Now to find the intercepts we have assume one variable as zero to find the value of other variable i.e., if we have to find variable \[x\] we have to assume \[y = 0\], and if we have to find variable \[y\] we have to assume \[x = 0\].
So, here put \[x = 0\], we get,
\[ \Rightarrow y = {\left( 0 \right)^2} + 8\left( 0 \right) + 15\],
Now simplifying we get,
\[ \Rightarrow \]\[y = 15\],
So \[y\]-intercept of the parabola is \[\left( {0,15} \right)\].
Now substitute \[y = 0\] to find the intercept of \[x\],
\[ \Rightarrow 0 = {x^2} + 8x + 15\],
Now make the equation the perfect square by adding \[{\left( {\dfrac{b}{{2a}}} \right)^2}\] here it will be \[{\left( {\dfrac{b}{{2a}}} \right)^2} = {\left( {\dfrac{8}{2}} \right)^2} = {4^2} = 16\] to both sides of the equation we get,
\[ \Rightarrow 0 + 16 = {x^2} + 8x + 16 + 15\],
Now\[\left( {{x^2} + 8x + 16} \right)\] is a perfect square, we get,
\[ \Rightarrow {\left( {x + 4} \right)^2} + 15 = 16\],
Now taking 15 to the other side we get,
\[ \Rightarrow {\left( {x + 4} \right)^2} = 16 - 15\],
Now simplifying we get,
\[ \Rightarrow {\left( {x + 4} \right)^2} = 1\],
Now taking the square root we get,
\[ \Rightarrow \left( {x + 4} \right) = \pm 1\],
So we get the two values for \[x\] and they are \[x + 4 = 1\] and \[x + 4 = - 1\], and the value for \[x\] are -3 and -5.
The \[x\]-intercepts are \[\left( { - 3,0} \right)\] and \[\left( { - 5,0} \right)\].

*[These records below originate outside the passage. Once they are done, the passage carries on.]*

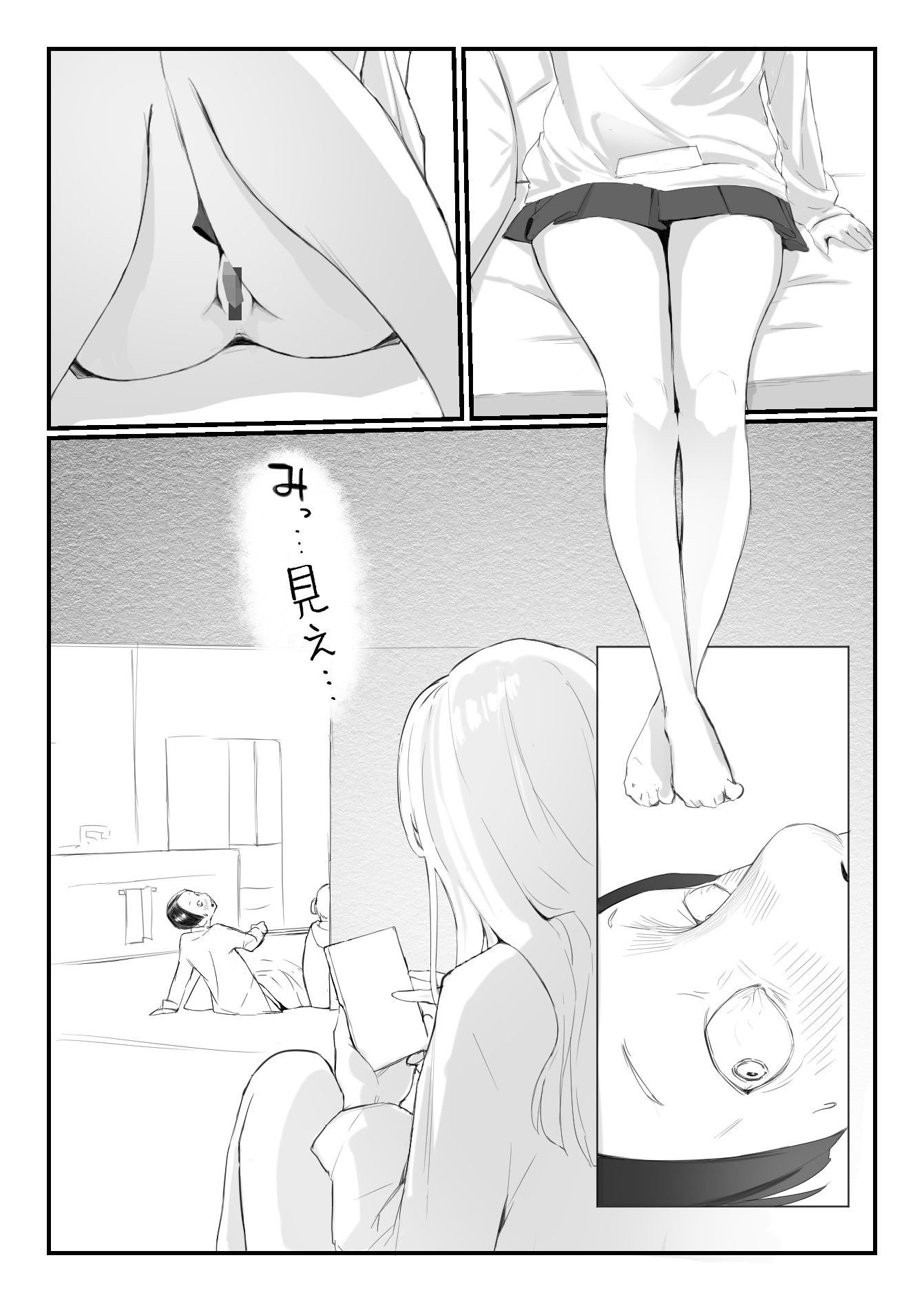 友達の姉が普通にパンツを脱いでいく話 サンプル9ページ目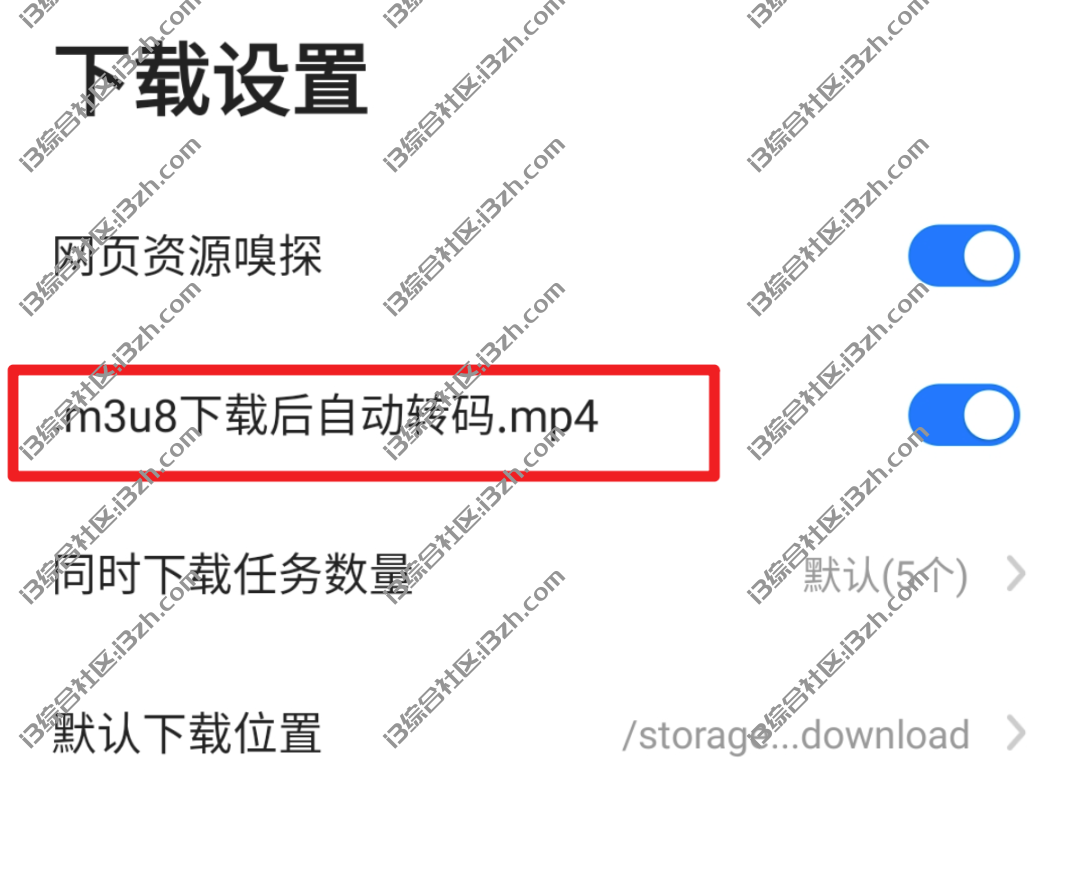 图片[8] | 360极速浏览器APP，除了QQ影音，大厂还有哪些良心软件？ | i3综合社区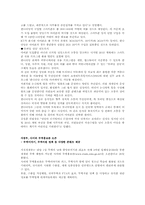 인터넷시대의 행정문화-4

Now to find the vertex of the parabola, transform the equation into the vertex form i.e., \[y = a{\left( {x - h} \right)^2} + k\], where\[\left( {h,k} \right)\] is the vertex of the parabola,
So here the equation is \[y = {\left( {x + 4} \right)^2} - 1\],
Now comparing the equations we get,\[a = 1\],\[h = - 4\] and \[k = - 1\],
So the vertex of the parabola is \[\left( { - 4, - 1} \right)\],
If we plot the parabola, we get the graph as,

\[\therefore \]The vertex of the parabola \[y = {x^2} + 8x + 15\] is \[\left( { - 4, - 1} \right)\], the \[y\]-intercept of the parabola is \[\left( {0,15} \right)\] and the \[x\]-intercepts are \[\left( { - 3,0} \right)\] and \[\left( { - 5,0} \right)\].

Note:
Symmetric points are called the points which are equidistant from the axis of symmetry and lie on the \[x\]-axis and they are calculated as [x\]-intercepts. To find the vertex of the parabola we can also make use of the standard form of the equation \[y = a{x^2} + bx + c\], where the axis of symmetry or the x-coordinate is given by \[x = \dfrac{{ - b}}{{2a}}\] and then we will find the value of \[y\] from the equation of the parabola.